# Six pack of slabs



## chaunc (Apr 11, 2004)

Fished shenango today. Did pretty good considering the wind and murky water all over the lake. Got 25. All but 4 on a microspoon tipped with a minnow, slow trolled over brush in 17ft. Here's the six best today.









Heading for Mosquito this weekend. See if i can get some eyes in the freezer now.


----------



## CRAPPIE LOVER (Feb 11, 2007)

I'll say one thing Chaunc when those crappies in the Shenango see you pull into the parking lot they better head for deep water and keep there mouth's shut...Drove over the causeway around 1:00 oclock...After leaving Sharon....Very nice looking lake....Started telling the wife about you and Big Daddy catching all the big slabs...Asked me if I was going to come up to fish there...So one of these days I'll need a few pointer on where to start on the Shenango....As for the eye's in Mosquito from what I and you have read on OGF they are catching some good size ones...Good luck with the eye's.....JIM.....:B......


----------



## Columbusslim31 (Sep 1, 2007)

Sweeeeeet.


----------



## chaunc (Apr 11, 2004)

CRAPPIE LOVER said:


> I'll say one thing Chaunc when those crappies in the Shenango see you pull into the parking lot they better head for deep water and keep there mouth's shut...Drove over the causeway around 1:00 oclock...After leaving Sharon....Very nice looking lake....Started telling the wife about you and Big Daddy catching all the big slabs...Asked me if I was going to come up to fish there...So one of these days I'll need a few pointer on where to start on the Shenango....As for the eye's in Mosquito from what I and you have read on OGF they are catching some good size ones...Good luck with the eye's.....JIM.....:B......

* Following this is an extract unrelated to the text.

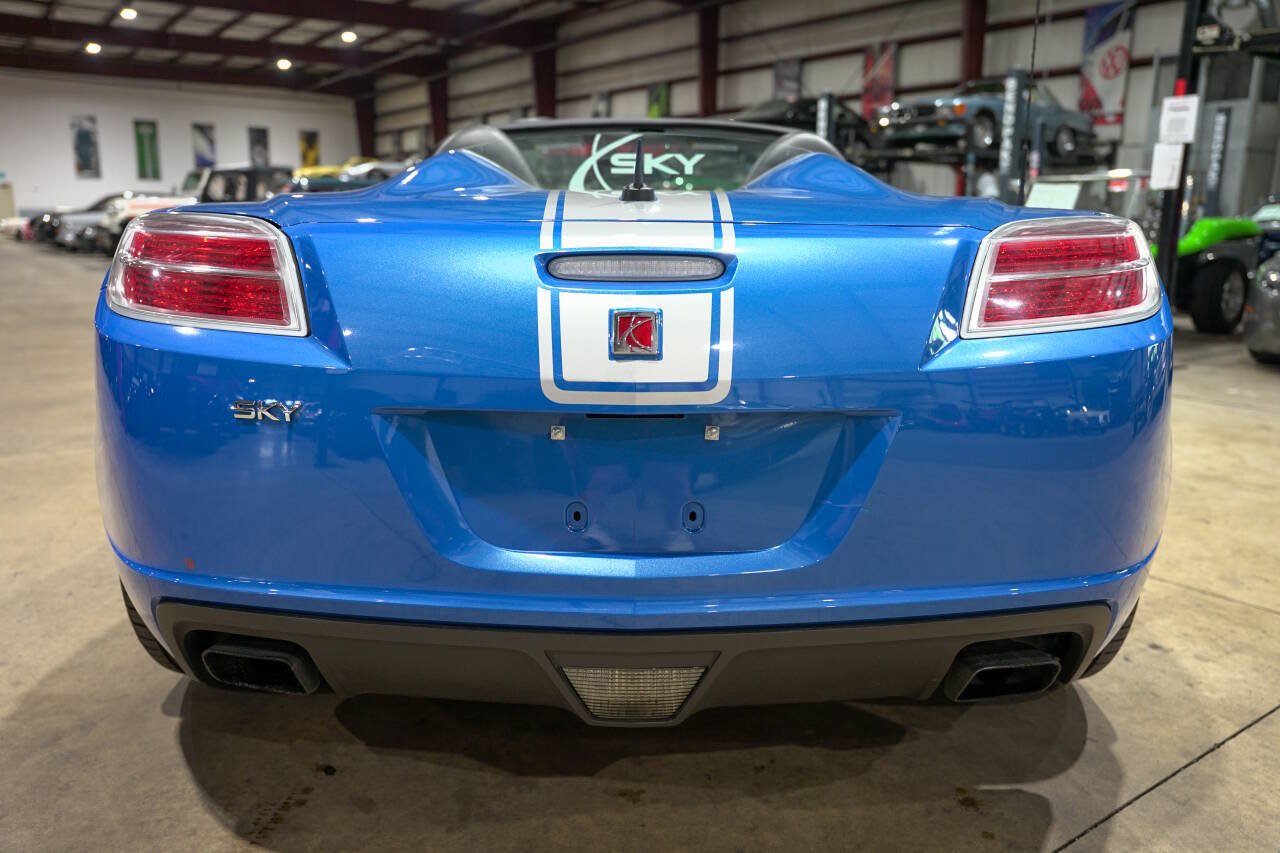 Used 2009 Saturn Sky Hydro Blue RWD image 6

Jim, let me know when you can make it here and you can fish with me. I'll show you some spots like i did for Big Daddy and Rummy and you can bring your boat up next time and fish them hard. Our club will be having a fish-together next month here. Hope you can make it before then tho. I'll already have a member fishing with me that day.


----------



## Chippewa (Oct 25, 2004)

very nice job chaunce!!!!! any certain speed on the troll? I am gonna try putting the trolling motor on this weekend so I controll the drift or make my own drift..... I cant wait until my order of microspoons come in to try them. until then I will stick with the old reliable roadrunner tipped with shiners...


----------



## CRAPPIE LOVER (Feb 11, 2007)

Chaunc I just may take you up on that offer..Next week it is to warm up but they say rain most of the week...If it looks good for the week after you may just hear from me...Thank You...I may be a little nervous at first fishing with a pro...Probably be like the first time I stepped into a show ring with a stallion on the end of a lead....I'll live through it....Later my friend.....JIM.....


----------



## Big Daddy (Apr 6, 2004)

Nice fish chaunc... I'll be back over OR we can hit West Branch... I've been so damn busy lately... driving me nuts... Going back to dr's next week (orthopedist) for knees, shoulder, back, etc... I'm to young to feel this bad!!!


----------



## CRAPPIE LOVER (Feb 11, 2007)

Big Daddy you better get yourself back together...The best is just about to get started...The back can sure put you out of commission...I have one too...If it even looks like rain it goes crazy......JIM.....


----------



## Big Daddy (Apr 6, 2004)

I'll be OK... and back out there!


----------